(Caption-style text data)
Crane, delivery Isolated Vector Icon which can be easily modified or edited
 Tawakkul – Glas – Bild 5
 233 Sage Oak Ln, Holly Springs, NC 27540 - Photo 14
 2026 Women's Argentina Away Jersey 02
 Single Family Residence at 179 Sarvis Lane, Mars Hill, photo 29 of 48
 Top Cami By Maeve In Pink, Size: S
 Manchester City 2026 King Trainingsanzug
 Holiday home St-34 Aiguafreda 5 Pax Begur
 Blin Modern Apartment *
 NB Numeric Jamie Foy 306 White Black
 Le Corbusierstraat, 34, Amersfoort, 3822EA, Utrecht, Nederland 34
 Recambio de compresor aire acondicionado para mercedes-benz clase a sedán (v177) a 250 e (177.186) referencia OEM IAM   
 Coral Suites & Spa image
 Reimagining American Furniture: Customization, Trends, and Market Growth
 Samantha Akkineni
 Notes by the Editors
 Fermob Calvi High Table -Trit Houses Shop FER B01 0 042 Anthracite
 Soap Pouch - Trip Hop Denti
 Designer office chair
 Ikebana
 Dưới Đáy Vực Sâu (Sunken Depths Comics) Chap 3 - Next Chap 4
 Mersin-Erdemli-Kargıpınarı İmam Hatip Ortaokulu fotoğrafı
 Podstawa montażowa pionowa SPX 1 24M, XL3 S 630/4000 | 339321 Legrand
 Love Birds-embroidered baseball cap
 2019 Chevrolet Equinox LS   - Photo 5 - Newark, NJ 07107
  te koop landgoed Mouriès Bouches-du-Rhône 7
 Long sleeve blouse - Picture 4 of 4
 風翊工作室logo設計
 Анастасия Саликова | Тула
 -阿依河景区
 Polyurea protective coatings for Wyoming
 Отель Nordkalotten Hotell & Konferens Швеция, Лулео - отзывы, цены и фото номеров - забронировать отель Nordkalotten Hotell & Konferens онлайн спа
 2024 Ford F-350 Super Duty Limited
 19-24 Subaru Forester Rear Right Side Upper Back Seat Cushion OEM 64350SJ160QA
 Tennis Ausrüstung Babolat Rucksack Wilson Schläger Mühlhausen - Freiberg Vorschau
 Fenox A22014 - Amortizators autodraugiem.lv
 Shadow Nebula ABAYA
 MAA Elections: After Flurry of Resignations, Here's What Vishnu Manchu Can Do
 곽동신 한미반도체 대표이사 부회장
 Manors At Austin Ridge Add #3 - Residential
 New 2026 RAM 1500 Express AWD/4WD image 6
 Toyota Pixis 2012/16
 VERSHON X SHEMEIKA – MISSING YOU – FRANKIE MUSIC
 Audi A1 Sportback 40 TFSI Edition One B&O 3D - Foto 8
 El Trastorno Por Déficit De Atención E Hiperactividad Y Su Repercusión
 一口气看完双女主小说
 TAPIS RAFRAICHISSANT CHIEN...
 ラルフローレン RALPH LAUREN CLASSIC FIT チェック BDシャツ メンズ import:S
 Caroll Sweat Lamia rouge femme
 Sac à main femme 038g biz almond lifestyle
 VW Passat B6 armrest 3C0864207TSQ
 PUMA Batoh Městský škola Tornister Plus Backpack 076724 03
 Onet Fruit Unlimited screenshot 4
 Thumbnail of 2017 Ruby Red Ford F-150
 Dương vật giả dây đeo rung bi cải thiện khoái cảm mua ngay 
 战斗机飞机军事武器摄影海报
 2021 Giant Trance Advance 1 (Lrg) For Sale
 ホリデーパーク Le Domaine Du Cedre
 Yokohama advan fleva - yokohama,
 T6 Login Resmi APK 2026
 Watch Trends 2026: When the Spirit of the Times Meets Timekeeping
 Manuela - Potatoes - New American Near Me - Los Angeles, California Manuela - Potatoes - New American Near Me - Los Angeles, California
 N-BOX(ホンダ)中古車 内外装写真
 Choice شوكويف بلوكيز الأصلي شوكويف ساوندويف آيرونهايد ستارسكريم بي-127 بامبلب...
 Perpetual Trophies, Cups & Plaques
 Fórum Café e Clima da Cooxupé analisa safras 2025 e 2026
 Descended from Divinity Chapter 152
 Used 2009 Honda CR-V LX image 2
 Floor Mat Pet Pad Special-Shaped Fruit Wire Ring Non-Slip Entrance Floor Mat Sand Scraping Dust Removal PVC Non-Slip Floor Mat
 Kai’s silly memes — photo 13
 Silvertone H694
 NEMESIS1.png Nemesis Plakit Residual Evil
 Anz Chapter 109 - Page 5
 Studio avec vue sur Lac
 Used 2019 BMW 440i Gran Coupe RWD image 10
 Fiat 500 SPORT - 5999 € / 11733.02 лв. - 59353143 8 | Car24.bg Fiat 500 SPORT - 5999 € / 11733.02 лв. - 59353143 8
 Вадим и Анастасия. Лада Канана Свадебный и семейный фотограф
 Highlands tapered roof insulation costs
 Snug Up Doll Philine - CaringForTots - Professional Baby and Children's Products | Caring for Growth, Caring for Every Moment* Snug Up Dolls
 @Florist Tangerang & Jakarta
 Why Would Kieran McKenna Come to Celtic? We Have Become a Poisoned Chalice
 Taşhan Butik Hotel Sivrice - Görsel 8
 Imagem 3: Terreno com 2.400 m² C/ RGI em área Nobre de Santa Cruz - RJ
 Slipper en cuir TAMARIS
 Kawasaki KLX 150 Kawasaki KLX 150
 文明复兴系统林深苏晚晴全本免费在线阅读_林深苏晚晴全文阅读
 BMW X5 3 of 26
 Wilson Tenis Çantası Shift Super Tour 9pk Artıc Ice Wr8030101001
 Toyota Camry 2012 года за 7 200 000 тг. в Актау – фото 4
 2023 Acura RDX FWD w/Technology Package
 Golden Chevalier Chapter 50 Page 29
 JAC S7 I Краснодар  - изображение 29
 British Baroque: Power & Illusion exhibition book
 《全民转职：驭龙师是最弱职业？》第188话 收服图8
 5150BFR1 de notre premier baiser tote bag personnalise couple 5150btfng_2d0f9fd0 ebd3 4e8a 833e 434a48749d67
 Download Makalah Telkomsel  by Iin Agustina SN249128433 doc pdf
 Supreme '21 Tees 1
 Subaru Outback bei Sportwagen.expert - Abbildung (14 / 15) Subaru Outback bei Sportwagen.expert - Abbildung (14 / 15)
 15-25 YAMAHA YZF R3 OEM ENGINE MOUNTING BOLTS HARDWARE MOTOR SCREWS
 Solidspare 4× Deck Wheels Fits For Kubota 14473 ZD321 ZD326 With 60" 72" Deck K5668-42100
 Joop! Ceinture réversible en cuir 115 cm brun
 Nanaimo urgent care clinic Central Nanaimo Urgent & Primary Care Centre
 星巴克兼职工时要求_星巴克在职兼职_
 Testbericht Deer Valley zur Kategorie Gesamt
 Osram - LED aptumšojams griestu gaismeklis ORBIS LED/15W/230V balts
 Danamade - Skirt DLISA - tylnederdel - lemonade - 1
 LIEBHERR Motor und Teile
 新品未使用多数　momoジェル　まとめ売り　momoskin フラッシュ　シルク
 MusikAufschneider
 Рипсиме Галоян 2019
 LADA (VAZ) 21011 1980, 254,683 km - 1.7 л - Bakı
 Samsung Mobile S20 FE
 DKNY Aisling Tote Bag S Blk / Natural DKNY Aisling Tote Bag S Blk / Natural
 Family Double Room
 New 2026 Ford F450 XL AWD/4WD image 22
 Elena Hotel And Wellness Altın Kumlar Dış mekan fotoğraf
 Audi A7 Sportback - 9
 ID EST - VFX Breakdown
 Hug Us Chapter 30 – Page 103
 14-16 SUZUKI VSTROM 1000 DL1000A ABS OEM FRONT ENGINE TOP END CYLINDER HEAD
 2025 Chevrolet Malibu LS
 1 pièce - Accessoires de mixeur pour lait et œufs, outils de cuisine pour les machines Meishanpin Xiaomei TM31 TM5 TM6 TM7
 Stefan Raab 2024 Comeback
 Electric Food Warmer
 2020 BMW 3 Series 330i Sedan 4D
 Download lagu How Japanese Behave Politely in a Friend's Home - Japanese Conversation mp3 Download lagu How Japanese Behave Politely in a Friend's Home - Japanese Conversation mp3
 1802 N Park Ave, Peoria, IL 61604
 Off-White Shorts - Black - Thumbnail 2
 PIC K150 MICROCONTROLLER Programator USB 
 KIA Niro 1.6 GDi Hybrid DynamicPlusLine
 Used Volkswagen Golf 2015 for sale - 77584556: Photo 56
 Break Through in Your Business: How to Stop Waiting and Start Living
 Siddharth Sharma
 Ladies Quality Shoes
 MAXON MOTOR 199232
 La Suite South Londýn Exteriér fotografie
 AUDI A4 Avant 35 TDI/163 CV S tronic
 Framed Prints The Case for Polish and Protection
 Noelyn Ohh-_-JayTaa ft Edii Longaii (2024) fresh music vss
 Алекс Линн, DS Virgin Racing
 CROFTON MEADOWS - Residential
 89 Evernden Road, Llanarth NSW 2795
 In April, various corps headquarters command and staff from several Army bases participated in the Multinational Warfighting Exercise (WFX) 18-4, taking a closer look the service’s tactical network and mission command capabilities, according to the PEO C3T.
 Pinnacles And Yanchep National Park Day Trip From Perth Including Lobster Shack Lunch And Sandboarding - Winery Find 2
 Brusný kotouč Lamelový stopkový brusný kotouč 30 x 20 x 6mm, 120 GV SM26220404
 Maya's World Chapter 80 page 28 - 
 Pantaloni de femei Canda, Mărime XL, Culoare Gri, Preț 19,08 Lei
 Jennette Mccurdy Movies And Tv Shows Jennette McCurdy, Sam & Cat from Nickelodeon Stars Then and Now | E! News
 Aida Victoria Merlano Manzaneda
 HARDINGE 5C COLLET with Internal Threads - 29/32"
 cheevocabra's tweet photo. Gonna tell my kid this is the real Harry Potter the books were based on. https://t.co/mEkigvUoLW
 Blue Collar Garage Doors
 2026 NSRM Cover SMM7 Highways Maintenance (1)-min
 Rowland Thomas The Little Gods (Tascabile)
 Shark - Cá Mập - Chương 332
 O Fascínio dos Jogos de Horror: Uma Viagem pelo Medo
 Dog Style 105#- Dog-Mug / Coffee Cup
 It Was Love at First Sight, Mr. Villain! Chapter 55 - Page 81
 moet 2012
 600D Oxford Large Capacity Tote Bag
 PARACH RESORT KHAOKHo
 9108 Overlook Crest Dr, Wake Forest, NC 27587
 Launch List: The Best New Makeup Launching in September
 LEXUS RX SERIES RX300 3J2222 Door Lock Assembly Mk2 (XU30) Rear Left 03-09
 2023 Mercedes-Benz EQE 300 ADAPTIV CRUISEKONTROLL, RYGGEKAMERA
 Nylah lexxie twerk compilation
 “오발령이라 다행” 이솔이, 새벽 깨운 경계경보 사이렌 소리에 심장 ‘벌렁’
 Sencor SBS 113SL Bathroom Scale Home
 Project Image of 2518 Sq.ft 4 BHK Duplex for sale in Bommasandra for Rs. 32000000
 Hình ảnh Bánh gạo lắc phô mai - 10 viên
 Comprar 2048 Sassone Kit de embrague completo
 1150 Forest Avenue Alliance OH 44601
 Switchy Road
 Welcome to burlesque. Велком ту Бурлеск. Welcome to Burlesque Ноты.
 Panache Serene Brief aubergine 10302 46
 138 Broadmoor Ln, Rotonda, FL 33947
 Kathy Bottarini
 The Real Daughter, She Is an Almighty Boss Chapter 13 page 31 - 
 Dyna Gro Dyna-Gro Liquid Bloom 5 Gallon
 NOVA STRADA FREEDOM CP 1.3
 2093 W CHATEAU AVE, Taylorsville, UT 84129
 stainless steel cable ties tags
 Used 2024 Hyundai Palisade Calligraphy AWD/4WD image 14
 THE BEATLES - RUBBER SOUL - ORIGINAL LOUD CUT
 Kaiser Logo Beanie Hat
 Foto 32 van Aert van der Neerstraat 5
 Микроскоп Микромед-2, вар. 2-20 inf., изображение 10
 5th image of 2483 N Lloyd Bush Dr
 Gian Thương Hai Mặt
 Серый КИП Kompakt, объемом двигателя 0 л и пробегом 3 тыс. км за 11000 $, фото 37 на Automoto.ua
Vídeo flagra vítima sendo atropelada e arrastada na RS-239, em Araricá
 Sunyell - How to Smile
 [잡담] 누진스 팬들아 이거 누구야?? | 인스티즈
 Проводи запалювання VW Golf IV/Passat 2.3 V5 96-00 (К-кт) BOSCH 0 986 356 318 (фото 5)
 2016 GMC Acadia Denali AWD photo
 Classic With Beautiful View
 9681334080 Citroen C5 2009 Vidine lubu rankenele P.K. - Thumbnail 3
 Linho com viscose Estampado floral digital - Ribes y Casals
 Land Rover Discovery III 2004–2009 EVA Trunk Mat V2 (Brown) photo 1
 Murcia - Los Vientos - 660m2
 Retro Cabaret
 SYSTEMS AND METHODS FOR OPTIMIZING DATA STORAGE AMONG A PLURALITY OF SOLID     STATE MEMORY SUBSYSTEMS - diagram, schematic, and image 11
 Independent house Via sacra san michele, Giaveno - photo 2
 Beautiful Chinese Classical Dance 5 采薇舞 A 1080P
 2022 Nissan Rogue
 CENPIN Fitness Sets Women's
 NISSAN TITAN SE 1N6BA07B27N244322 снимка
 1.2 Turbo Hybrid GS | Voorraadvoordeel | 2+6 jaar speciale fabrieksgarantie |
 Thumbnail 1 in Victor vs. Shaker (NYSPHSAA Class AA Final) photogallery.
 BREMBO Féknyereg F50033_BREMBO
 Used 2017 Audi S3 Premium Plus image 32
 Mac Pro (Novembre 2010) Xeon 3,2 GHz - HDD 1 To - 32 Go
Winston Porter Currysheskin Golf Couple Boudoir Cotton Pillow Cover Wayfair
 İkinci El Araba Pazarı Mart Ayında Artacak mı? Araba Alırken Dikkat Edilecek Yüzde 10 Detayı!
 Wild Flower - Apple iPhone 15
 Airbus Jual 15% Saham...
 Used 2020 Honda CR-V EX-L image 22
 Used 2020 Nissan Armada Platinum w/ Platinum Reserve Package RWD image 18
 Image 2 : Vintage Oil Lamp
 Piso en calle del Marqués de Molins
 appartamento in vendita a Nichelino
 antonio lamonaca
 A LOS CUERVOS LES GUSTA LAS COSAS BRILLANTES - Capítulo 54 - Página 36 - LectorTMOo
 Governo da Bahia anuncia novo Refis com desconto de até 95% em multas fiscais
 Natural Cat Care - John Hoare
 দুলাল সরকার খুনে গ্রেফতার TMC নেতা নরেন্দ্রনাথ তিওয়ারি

**WHAT IS REQUIRED**: Would you copy out exactly the lines from the one holding "A LOS CUERVOS" through the end of the entries above, both ends included?

**RESULT OF THE EXERCISE**:
 A LOS CUERVOS LES GUSTA LAS COSAS BRILLANTES - Capítulo 54 - Página 36 - LectorTMOo
 Governo da Bahia anuncia novo Refis com desconto de até 95% em multas fiscais
 Natural Cat Care - John Hoare
 দুলাল সরকার খুনে গ্রেফতার TMC নেতা নরেন্দ্রনাথ তিওয়ারি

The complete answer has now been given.